Scientists from NASA have confirmed, on the basis of data obtained from the Atacama Large Millimeter/submillimeter Array (ALMA) located in the desert of Chile, the presence of vinyl cyanide at a high altitude in the atmosphere of Saturn's largest moon Titan. Vinyl cyanide is an organic molecule whose chemical formula is C3H3N. The identification of vinyl cyanide in the opaque atmosphere of the Hazy Moon is captivating because researchers believe that vinyl cyanide may represent a key molecule in the development of a potential methane-based life on the giant moon. Molecules of vinyl cyanide in an hypothetical methane-based life on Titan may represent the equivalent of well-known phospholipids in the structure of typical cell membranes in our biosphere. The data from ALMA were in line with the data obtained from the mass spectrometer of the Cassini spacecraft which had led researchers to deduce the presence of vinyl cyanide in the environment of Titan.

Thanks to radar data acquired from the Cassini spacecraft, in particular, we have discovered exotic environments on Titan which are reminiscent of typical environments on Earth. There are mountains, hills, canyons, lakes, seas, rivers and islands on the Opaque Moon. Most lakes or seas are found at high latitudes on the giant moon. The high latitudes of the northern hemisphere appear to be the most humid areas at the present time with major seas or lakes like Kraken Mare, Ligeia Mare or Punga Mare. The first body of surface liquids clearly identified on Titan was Ontario Lacus, a kidney-shaped lake or sea located in the high latitudes of the southern hemisphere. Titan unveils a methane cycle implying evaporation processes, condensation processes, cloud formation and rainfall. Water can't appear in its liquid form on the surface of Titan since the environmental temperature is around minus 179 degrees Celsius or minus 290 degrees Fahrenheit. Can liquid methane play the same role as liquid water on Earth for the development of a biosphere on Titan ? Is there a methane-based life on the Orange Moon ?
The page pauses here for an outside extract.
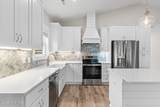 310 58th Street - Photo 10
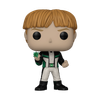 POP! Heroes - Superman (2025) #585 Guy Gardner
The image above represents a portion of a radar swath captured from the Radar Mapper of the Cassini spacecraft during the T29 Flyby of April 26, 2007. One can notice the sharp contrast between the land which appears irregular or bright and the pools of liquids which appear dark and relatively uniform. A remarkable network of large interconnected drainage channels can be seen in particular. Some islands can be observed as well. Is there a life form based on liquid methane or liquid ethane in that humid environment ? Do the hypothetical creatures mobilize vinyl cyanide in their metabolism ? Image Credit: NASA/JPL/Cassini RADAR Team/Jason Perry.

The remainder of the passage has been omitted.